THE OTHER FLORIDA:
FLORIDA’S NATURE COAST
The average water temperature for most springs is 72F degrees but Weeki Wachee Spring has an average temperature of 74.2F all year. This makes it ideal for scuba diving and snorkeling year-‘round. This is enticing not only for humans but also for the largest manatee winter population in North America. This region is the only place in North America where people can legally swim alongside the manatee. West Indian Manatees are naturally curious creatures and are welcoming and friendly to humans.
Visions of sun-drenched white-sand beaches permeate thoughts of Florida. Millions flock to our state each year for vacation or retirement. So many, in fact, that it has changed the perception of Florida into a concrete jungle with congested freeways and beaches. However, you can still experience the Florida of yesteryear in Florida’s “Nature Coast.”
In 1867, World famous naturalist John Muir described the Nature Coast as “a string of counties studded with emerald-like gulf waters, deep springs and rivers, stretching along the same Florida coast.” Today, this area remains one of the last unspoiled regions of Florida. The western side of the state with rolling hills, beautiful beaches and natural springs awaits you.

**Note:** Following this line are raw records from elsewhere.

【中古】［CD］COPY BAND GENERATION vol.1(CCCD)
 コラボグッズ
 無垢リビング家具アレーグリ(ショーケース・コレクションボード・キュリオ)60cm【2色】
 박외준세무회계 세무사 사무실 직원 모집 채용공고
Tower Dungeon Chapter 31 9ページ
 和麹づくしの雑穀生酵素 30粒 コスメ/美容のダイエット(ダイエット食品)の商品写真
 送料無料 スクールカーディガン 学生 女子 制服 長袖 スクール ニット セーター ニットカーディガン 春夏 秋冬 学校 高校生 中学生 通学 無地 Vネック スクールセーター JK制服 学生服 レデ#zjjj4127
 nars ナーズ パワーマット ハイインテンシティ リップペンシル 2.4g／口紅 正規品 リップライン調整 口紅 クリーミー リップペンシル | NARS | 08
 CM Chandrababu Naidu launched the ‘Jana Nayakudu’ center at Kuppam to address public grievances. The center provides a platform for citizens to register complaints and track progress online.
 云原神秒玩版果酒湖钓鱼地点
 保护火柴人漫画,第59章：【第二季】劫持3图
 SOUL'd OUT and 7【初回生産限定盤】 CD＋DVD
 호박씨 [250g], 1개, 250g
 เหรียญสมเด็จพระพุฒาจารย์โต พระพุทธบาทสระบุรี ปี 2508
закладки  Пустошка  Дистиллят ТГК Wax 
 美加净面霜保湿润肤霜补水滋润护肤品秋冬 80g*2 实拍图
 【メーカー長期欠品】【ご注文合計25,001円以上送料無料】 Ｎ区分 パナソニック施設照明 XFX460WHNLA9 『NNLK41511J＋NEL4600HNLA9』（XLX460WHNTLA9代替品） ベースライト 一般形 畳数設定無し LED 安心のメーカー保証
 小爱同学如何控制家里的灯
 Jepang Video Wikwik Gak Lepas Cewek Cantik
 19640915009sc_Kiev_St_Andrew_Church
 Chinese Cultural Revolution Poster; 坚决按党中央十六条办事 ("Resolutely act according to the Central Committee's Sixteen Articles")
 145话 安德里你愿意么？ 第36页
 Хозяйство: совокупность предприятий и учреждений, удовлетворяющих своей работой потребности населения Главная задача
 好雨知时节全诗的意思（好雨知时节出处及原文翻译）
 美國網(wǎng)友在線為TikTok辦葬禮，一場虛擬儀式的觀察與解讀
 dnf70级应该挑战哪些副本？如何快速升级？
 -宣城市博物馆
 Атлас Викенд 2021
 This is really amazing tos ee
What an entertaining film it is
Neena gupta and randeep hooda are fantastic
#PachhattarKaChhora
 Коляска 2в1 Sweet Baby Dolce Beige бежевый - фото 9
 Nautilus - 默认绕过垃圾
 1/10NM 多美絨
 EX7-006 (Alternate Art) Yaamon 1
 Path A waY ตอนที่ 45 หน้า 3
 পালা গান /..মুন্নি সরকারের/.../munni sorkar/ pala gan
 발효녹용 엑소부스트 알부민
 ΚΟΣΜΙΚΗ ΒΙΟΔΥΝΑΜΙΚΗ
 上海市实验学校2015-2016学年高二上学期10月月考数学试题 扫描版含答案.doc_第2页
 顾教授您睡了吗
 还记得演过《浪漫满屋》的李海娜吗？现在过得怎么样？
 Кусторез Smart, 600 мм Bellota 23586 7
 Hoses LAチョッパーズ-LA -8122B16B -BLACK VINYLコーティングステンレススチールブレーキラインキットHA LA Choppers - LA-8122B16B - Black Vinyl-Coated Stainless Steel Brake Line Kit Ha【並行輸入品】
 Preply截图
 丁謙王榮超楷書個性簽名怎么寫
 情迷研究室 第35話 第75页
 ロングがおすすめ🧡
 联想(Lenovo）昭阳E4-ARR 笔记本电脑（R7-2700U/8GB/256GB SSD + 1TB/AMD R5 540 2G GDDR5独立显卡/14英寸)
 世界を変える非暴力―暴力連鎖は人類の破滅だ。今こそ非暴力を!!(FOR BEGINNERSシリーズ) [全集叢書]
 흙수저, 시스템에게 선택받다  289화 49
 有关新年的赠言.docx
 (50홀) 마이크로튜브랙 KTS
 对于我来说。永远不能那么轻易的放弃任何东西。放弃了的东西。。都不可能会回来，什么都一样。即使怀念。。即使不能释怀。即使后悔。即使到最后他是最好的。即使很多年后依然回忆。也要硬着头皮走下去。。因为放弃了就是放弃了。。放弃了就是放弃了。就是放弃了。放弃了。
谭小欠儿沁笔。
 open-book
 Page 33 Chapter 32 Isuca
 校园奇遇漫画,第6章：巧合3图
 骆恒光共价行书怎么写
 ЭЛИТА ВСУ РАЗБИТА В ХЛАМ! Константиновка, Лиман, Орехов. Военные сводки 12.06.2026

Ponce deLeon thought he had discovered the “Fountain of Youth” when he found Florida’s freshwater springs. Over 600 of the purest and cleanest freshwater springs (some of them more than 200 feet deep) occur naturally in northern and central Florida. Millions of gallons of water a day from Florida’s underground aquifer feed the springs. Limestone naturally filters the water making it crystal clear.
The human population is dwarfed by the multitude of wildlife in the area. From the West Indian manatee to the Florida black bear, bald eagles and Florida panther, many endangered species call the Nature Coast home. The coast houses wildlife refuges and preserves including Weeki Wachee Springs State Park, the 157,479-acre Withlacoochee State Forest and the Chassahowitzka National Wildlife Refuge. It is very important to the people of the Nature Coast to protect the aquatic and forest environments, creating a healthy, stable area for wildlife and residents alike.